Challenge écrivains japonais chez Adalana
2eme participation
Merci à Priceminister pour cette nouvelle édition 2014 des Matchs de la rentrée littéraire !
8 commentaires
j'ai un reel pb avec cette auteure que je n'arrive pas a lire. Et a priori je ne retenterai pas avec celui là alors :)
Je peux te comprendre... Certains passages sont joliment poétiques mais d'autres frisent l'ennui et ne sont pas forcément sauvés par le style...

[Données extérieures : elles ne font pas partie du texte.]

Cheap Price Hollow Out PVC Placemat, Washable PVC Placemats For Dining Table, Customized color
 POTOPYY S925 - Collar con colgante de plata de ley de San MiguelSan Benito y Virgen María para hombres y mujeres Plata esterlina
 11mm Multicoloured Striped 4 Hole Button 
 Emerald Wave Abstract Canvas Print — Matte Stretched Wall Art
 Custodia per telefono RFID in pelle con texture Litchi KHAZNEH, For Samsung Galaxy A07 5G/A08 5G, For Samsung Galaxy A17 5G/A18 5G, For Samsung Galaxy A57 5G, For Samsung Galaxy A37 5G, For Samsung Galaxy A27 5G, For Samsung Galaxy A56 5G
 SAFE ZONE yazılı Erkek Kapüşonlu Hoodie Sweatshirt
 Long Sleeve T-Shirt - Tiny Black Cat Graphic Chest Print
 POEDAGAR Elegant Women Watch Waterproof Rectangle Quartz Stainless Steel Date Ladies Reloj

J'avais bien aimé L'annulaire, un court bouquin de cette auteure. Je vais passer pour celui-ci, car je ne crois pas pouvoir survivre à un 269 p. où il ne se passe rien ;) Par contre, ton billet et le lien avec l'autisme m'a séduite. Psst...je me suis inscrite au Challenge écrivains japonais, après l'avoir repéré sur ton blogue. Tentatrice, va ! ;) Bon samedi à toi, chère Lili !
Hihi, décidément, je vais te rallier à plusieurs challenges, c'est super ! J'ai hâte de te lire sur les lettres japonaises !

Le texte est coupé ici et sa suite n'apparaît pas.